Later in the talk, Dr. Marseille shared findings from his team’s (GIPSE) economic analysis on group therapy models. They found an approx. 20% reduction in variable costs compared to individual therapy protocols. More importantly, group therapy could substantially ease the shortage of qualified psychedelic therapists. Trading off some cost savings for increased accessibility will be essential to reaching more patients in need. Dr. Marseille concluded by underscoring the need for further research and economic evaluations across different psychedelics and indications.

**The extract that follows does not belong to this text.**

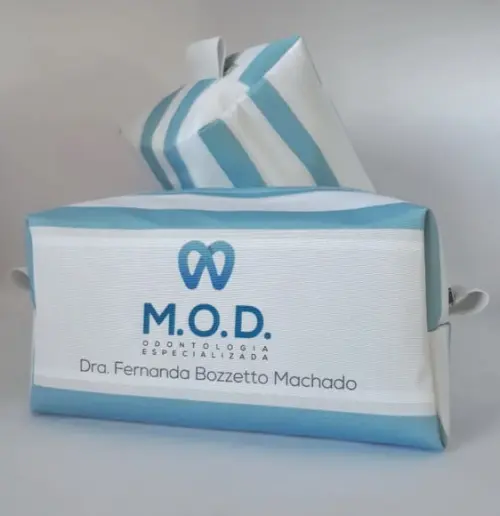 Necessaire Personalizada com Logo - Brinde de Luxo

Question & Answer: Exploring Emerging Pathways and Pitfalls for Psychedelic Medicine
The Q&A opened up with an inquiry about the significantly higher estimated costs of MDMA used in therapy protocols versus the street costs of ecstasy/Molly. Dr. Marseille explained factors like the expenses of clinical trials and commercialization and MAPS‘ partial reliance on private investors expecting returns. There was also mention of potential competition helping lower future MDMA pricing.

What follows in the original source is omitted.